Ein "absolutes" Alleinstellungsmerkmal, das die besondere Bedeutung der Corvinuskirche auch ohne eine vergleichende Untersuchung begründen könnte, liegt nicht vor. Die Gestaltung der Corvinuskirche ist - davon gehen beide Beteiligten aus - nicht in dem Sinne beispielgebend, dass sie stilbildend auf ihre Epoche eingewirkt hätte. Die Kirche nimmt vielmehr Gestaltungselemente anderer wegweisender Kirchen auf, etwa die der von Oesterlen geschaffenen St. Martinskirche in Linden. Ihr Erbauer ist architekturgeschichtlich auch nicht so bedeutsam, dass die Corvinuskirche allein aus diesem Grund wie etwa das Erstlingswerk eines überragenden Architekten eine Sonderstellung einnehmen könnte. Eine derartige Sonderstellung erwächst der Kirche auch nicht aus dem Umstand, dass der Beklagte auf Anregung der Tochter des Architekten mit der Eintragung der Corvinuskirche auf die Veräußerungswünsche der Klägerin und damit einhergehende Veränderungs- bzw. Abrisspläne reagiert hat. Der Beklagte möchte die bauliche Substanz zunächst sichern, um die Kirche später in einem Gesamtzusammenhang mit den anderen Kirchengebäuden der Epoche bewerten zu können. Es wäre aber ein Zirkelschluss anzunehmen, allein der Wunsch, die bauliche Substanz für die wissenschaftliche Bewertung einer etwa gegebenen Sonderstellung der Kirche zu erhalten, könne diese Sonderstellung bereits ausmachen. Zu einem derartigen Zweck bietet z. B. das von einer konstitutiven Wirkung der Eintragung in die Denkmalliste ausgehende Denkmalschutzgesetz Baden-Württemberg den vorläufigen Schutz nach § 17. Danach kann die höhere Denkmalschutzbehörde anordnen, dass Sachen, Sachgesamtheiten oder Teile von Sachen, mit deren Eintragung als Kulturdenkmal in das Denkmalbuch zu rechnen ist, vorläufig als eingetragen gelten. Die Anordnung tritt außer Kraft, wenn die Eintragung nicht binnen eines Monats eingeleitet und spätestens nach sechs Monaten bewirkt wird. Eine derartige Möglichkeit, ein in Frage kommendes Baudenkmal zunächst für eine eingehende Bewertung zu sichern, bietet das Niedersächsische Denkmalschutzgesetz jedoch nicht. Es dürfte im Regelfall auch nicht erforderlich sein, weil der Eintragung eines Bauwerkes in die Denkmalliste nur deklaratorische Bedeutung zukommt, § 5 Abs. 1 Satz 1 NDSchG.

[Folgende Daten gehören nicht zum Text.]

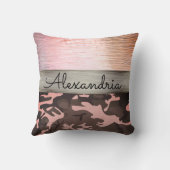 ピンクとブラウンの迷彩柄 パーソナライズされた クッション (裏面)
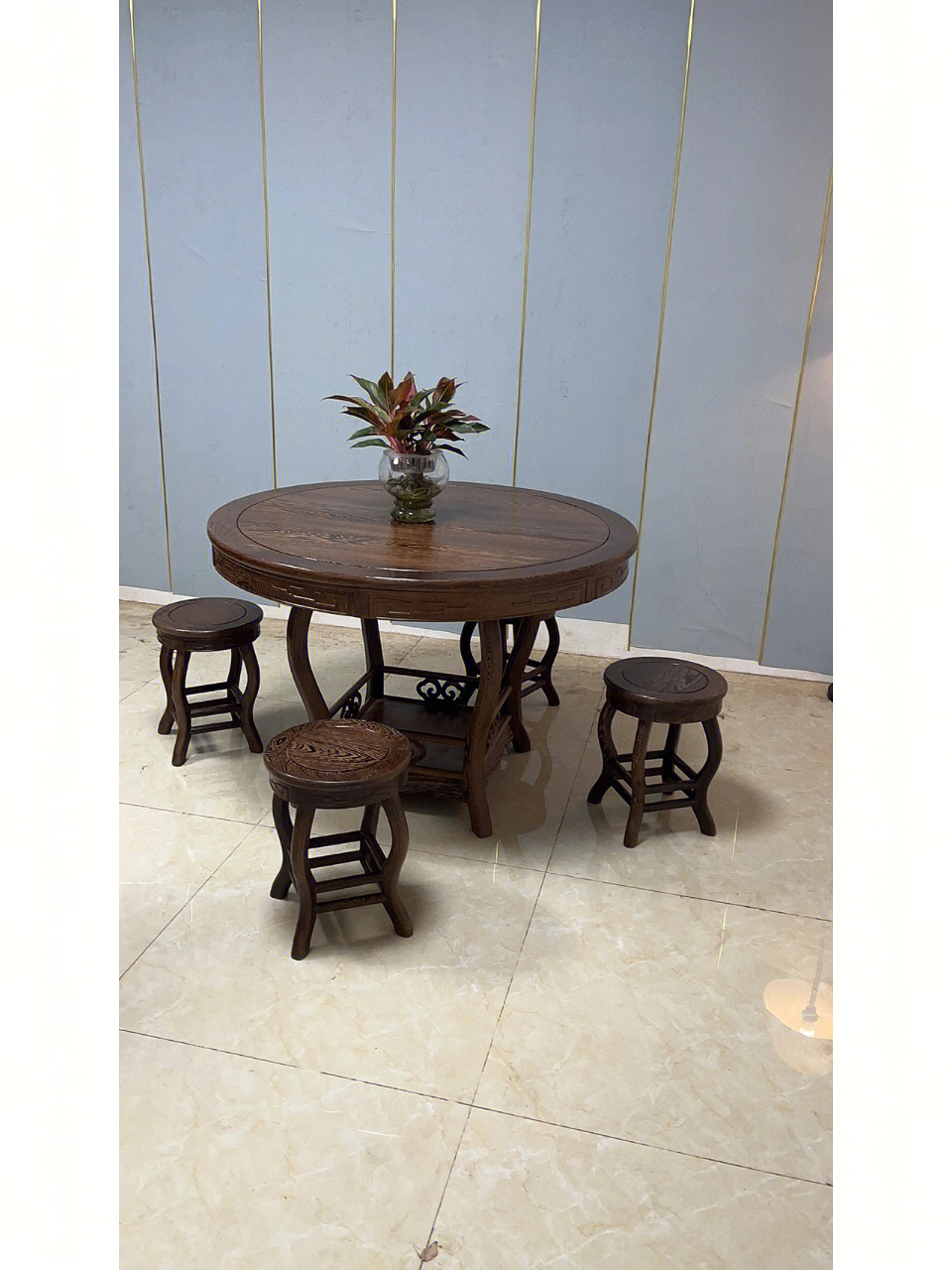 鸡翅木小户型圆餐桌客厅组合红木家具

b) Entgegen der Auffassung des Beklagten besteht am Erhalt der Corvinuskirche wegen städtebaulicher Bedeutung jedenfalls kein besonderes öffentliches Interesse. Den Begriff "städtebauliche Bedeutung" im Sinne des § 3 Abs. 2 NDSchG hat der Beklagte verkannt. Städtebauliche Bedeutung kommt einer Anlage zu, wenn sie durch ihre Anordnung oder Lage in der Örtlichkeit, durch ihre Gestaltung für sich allein oder zusammen mit anderen Anlagen den historischen Entwicklungsprozess einer Stadt oder Siedlung in nicht unerheblicher Weise bestimmt (VGH München, Bes. v. 04.09.12 - 2 ZB 11.587 -, [...]), das Gebäude mithin zu einer stadtgeschichtlichen oder stadtentwicklungsgeschichtlichen Unverwechselbarkeit führt (so Thür. OVG, Urt. v. 30.10.03 - 1 KO 433/00 -, [...] m. w. N. hinsichtl. der Rspr. des SächsOVG und des OVG Berlin). Der Verweis des Beklagten darauf, dass die Kirche durch ihre exponierte Stellung auf einem Eckgrundstück, ihre Gestaltung als Solitärbau und ihrem hohen freistehenden Glockenturm einen städtebaulichen Akzent setzt, reicht insoweit nicht aus.
Die Kostenentscheidung folgt aus § 154 Abs. 1 VwGO. Die Entscheidung über die vorläufige Vollstreckbarkeit beruht auf § 167 VwGO in Verbindung mit §§ 708 Nr. 11, 711 Satz 1 und 2 ZPO.
Die Berufung war nach §§ 124a Abs. 1, 124 Abs. 2 Nr. 3 VwGO zuzulassen, weil der Entscheidung im Hinblick auf den dem Beklagten im Rahmen des § 4 Abs. 5 NDSchG eingeräumten Beurteilungsspielraum grundsätzliche Bedeutung zukommt.